2016 Postmortem
In reply to the discussion: Yes, Bernie Sanders would have beaten Trump, but the real question is [View all]potone
(1,701 posts)This election was unlike any I have seen in my lifetime, and I am no spring chicken. Think back to the beginning of the primaries. No one expected that Trump would end up being the Republican nominee, including him. The Republican establishment openly despised him and didn't take him seriously. But they didn't have the means to stop him (aka pre-pledged super delegates), and they only realized too late that it was no longer enough to promise a platform all about guns, abortion, God and gays. They thought that they could continue to ignore the anger of their constituents at their failure to do anything to benefit them, and finally they got a giant FU response in return from the Republicans who voted for Trump.
On the Democratic side, the simple fact is that Hillary didn't excite the voters. Yes, she won the popular vote, and yes, the Republicans had done everything possible to reduce the number of Democrats who votedor whose vote countedbut even so, based on her experience, Hillary should have won by a landslide.
It seems to me that the Democrats need to wake up and face the fact that there is an increasing feeling of economic insecurity in this country, and we cannot expect to start winning again until we address that. And NO, I am not saying that we should ignore social justice issues, of course not. But we need to face head on the fact of the enormous shift of wealth in this country upward over the last 35 years, thanks to a tax system based on an absurd economic premise that lowering taxes on the wealthy benefits everyone. The failure of that supply-side economic theory has been proven over and over and over again to be wrong, but it is a zombie that simply will not stay in its grave.

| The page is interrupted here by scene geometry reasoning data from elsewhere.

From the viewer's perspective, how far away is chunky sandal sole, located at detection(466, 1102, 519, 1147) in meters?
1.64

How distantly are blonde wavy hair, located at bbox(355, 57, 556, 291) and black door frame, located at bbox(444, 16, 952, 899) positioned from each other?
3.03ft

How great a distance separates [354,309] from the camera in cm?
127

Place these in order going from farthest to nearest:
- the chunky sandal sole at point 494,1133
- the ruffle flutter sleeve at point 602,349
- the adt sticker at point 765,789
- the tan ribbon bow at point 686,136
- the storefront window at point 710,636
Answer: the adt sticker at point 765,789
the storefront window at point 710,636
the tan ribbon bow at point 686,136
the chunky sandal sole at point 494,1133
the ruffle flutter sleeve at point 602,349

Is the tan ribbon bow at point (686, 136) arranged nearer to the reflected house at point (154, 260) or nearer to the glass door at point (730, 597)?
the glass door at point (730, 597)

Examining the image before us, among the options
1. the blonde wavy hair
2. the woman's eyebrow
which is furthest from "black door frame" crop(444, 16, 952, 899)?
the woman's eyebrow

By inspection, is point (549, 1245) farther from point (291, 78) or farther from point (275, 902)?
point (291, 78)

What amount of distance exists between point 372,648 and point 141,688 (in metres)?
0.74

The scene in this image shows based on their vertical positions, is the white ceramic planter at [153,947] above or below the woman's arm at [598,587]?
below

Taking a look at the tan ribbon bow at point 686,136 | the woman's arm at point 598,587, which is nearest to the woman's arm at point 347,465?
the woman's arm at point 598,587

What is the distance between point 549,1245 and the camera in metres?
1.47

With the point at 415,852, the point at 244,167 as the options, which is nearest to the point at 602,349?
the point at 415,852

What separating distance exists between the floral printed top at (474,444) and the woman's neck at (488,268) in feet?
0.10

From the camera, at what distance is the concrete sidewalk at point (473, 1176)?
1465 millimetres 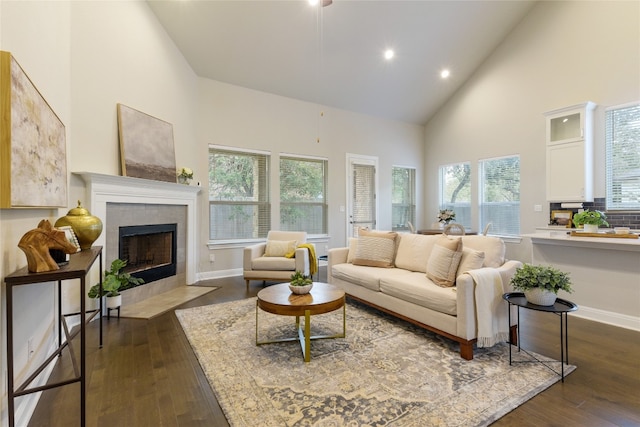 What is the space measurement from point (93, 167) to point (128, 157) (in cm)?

Bill Clinton presided over a booming economy, and he did raise taxes on the wealthy, which is what motivated the Republicans to impeach him. But he also continued the deregulation mania started by Reagan in ways that ultimately led to the financial meltdown of 2008. What people saw in Hillary was more of that, combined with a foreign policy that scared them.
We all think that Hillary would have made a far better president than Trump can ever hope to be, but we must remember that most people vote on the basis of emotion, not rationality, and what they saw in Hillary was the same old establishment that seems totally removed from the lives of most Americans, and what they saw in Trump was someone who wasn't beholden to corporate sponsors who would be an independent voice for them. We all know that Trump cares only about himself and his family, but for now we are stuck with him, and, armed with a Republican Congress andhorror of horrorsthe potential to reshape the Supreme Court, it is hard to imagine the limits of the harm he could do.
So please, everyone, let us set aside our feelings about the primaries. The only point in addressing them is to seek to avoid the mistakes of the last one, which should be apparent to all by now (if they are not, it is not for lack of information), and to focus on how we can hinder Trump from getting his way and to take steps to insure having a more reliable voting process in the future. Not doing anything about how are elections are conducted is the great mistake the Democrats made after 2000. As well, of course, as being wimps.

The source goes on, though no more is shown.